Insta salientar que no âmbito dos danos extrapatrimoniais, estão abrangidos os danos decorrentes da relação de trabalho, conforme cita o artigo 223-A, da CLT, in verbis “Aplicam-se à reparação de danos de natureza extrapatrimonial decorrentes da relação de trabalho apenas os dispositivos deste Título.”.
Conceitua a primeira parte do Artigo 223-B, que toda ação ou omissão que cause prejuízos na esfera moral ou existencial decorrentes da relação de emprego é dano extrapatrimonial. Já no tocante, aos sujeitos passivos, aqueles que sofrem a ação, preceitua a segunda parte do artigo 223-B, da CLT, que abrange tanto as pessoas físicas, como as pessoas jurídicas.
Visto isso, o artigo seguinte, 223-C, da CLT, trata especificamente dos direitos tutelados quanto da proteção aos danos extrapatrimoniais pertinentes à pessoa física, sendo eles: a honra, a imagem, a intimidade, a liberdade de ação, a autoestima, a sexualidade, a saúde, o lazer e a integridade física.
Desse modo, o dano extrapatrimonial, pode ficar configurado por um ato ilícito que acarrete situações degradantes, como por exemplo o empregador exigir que o empregado trabalhe em condições desumanas, ou em jornadas excessivas, o humilhando perante os demais, e desrespeitando os direitos básicos inerentes à sua pessoa.

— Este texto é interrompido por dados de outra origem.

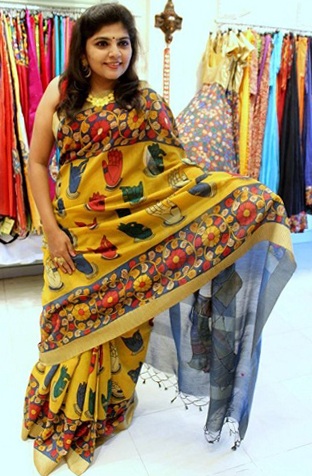 Chanderi Kalamkari Sarees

Acertadamente é possível dividir o dano extrapatrimonial em duas espécies. Primeiramente os de cunho pessoal, sendo aqueles que ferem a integridade física do empregado, levando em consideração as dores físicas no sistema orgânico da pessoa, que possivelmente poderão ser cumulados com danos materiais, e segundamente, os de seara moral, pertinentes as dores psicológicas do agente, cumulados com danos estéticos e existenciais, a depender da situação concreta.
Trataremos de forma mais aprofundada sobre algumas hipóteses causadoras do dano extrapatrimonial decorrente da relação de emprego, a iniciar, pelo ato lesivo a honra e boa fama, o qual atinge diretamente o cunho pessoal da vítima, desestabilizando o seu psíquico quanto a si mesmo, e o descredibilizando perante a sociedade, como por exemplo, apelidos humilhantes atribuídos pelo empregador ao empregado.
O assédio sexual é outro ato lesivo tanto a honra, quanto a privacidade, autoestima, sexualidade e dignidade, haja vista que descaradamente o assediado tem sua esfera psicológica atingida, por condutas de cunho sexual praticadas pelo assediador. A título de exemplo, alguns empregadores utilizam-se de sua posição hierárquica superior para satisfazer sua lascívia, ameaçando que a negativa do empregado resultará em prejuízos.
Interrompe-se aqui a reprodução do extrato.